For families wishing to spend the weekend exploring Mount Barney National Park, the best place to stay is the Mt Barney Lodge Country Retreat. This gorgeous property offers a range of different accommodation options, so families of all sizes and with all budgets are catered for.
Whether you’re looking for somewhere to stay while you climb Mt Barney, explore the local area or simply somewhere to relax and reconnect with family, the Mount Barney Lodge is a great spot. The property has stunning creek frontage and spectacular mountain views, making it a wonderful place to rest and unwind.
In this article, we provide a detailed review of our recent stay at the Mt Barney Retreat. The article includes details about the different Mount Barney accommodation as well as tips on things to do during your stay.
Are you planning a trip to Queensland? Have any questions? Join our Queensland Travel Planning Facebook group here now! It’s the perfect place to ask any questions and to be inspired!
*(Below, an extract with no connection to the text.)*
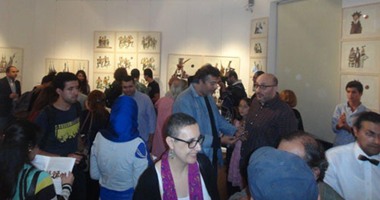 المهرج الباحث عن الفرحة فى معرض "الضحك من غير سبب"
This post may contain compensated links. Please refer to my disclaimer here for more information.
- 1 Where is Mt Barney Lodge Country Retreat?
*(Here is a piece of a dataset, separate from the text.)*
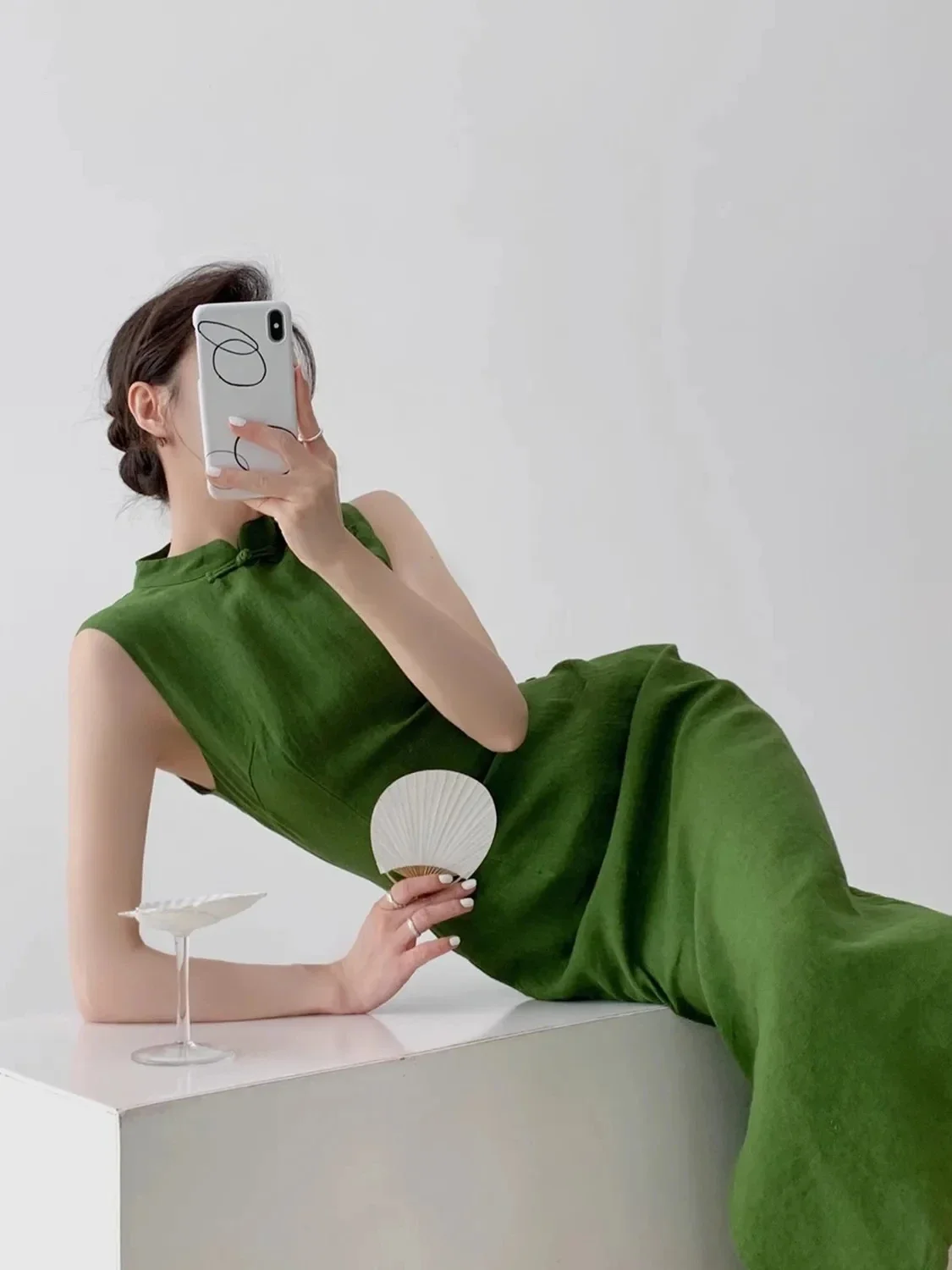 2025 빈티지 자연 문학 예술 드레스 중국 스타일 매일 향상된 레저 qipao 섹시한 민소매 허리 cinching 슬릿 qipao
- 2 Mount Barney Lodge Accommodation
- 3 Things to do at and around Mount Barney Lodge
- 4 Our Verdict
Where is Mt Barney Lodge Country Retreat?
The Mt Barney Lodge is located in the stunning Scenic Rim, at the foot of Mt Barney – one of the largest peaks in Queensland. It’s about a 90 minute drive from either Brisbane, Ipswich or the Gold Coast to reach the lodge.
Mount Barney Lodge Accommodation
No matter how many people in your group, your budget or the occasion there is the perfect accommodation for you at Mt Barney Lodge. Below is an overview of all the different accommodation options available at the lodge so that you can choose the perfect option for your family.
Mount Barney Lodge has two stunning homesteads – Moringararah and Boolamoola (pictured above) which are perfect for large families or those wanting plenty of space. Both homesteads are fully self contained and have great views of surrounding mountains.
Moringararah can sleep up to 15 people, so this is excellent for multiple families. There are 8 bedrooms in this homestead with 3 double beds, 5 single beds, a set of bunks and another two singles that can also be converted to a king bed.
The Moringararah Homestead is spread out across two levels with two kitchens, two bathrooms, and two living and dining areas. If you have less than 10 people, you’ll just have access to the top level.
The Boolamoola Homestead can sleep up to 6 people across its three bedrooms. There is a double bed in the master, and the remaining two bedrooms each have two single beds. One set of singles can be converted to a king if required. This homestead also has a kitchen, sitting room and dining area.
Both the Boolamoola and the Moringararah Homesteads come with a fully self contained kitchen, including all required crockery, cutlery, pots and pans. They also have a fireplace (complimentary wood is provided during the winter months) and outdoor eating areas complete with a gas BBQ. The homesteads are full of gorgeous furniture and knick knacks from a bygone era. The kids will have a blast, trying to guess what the different things are.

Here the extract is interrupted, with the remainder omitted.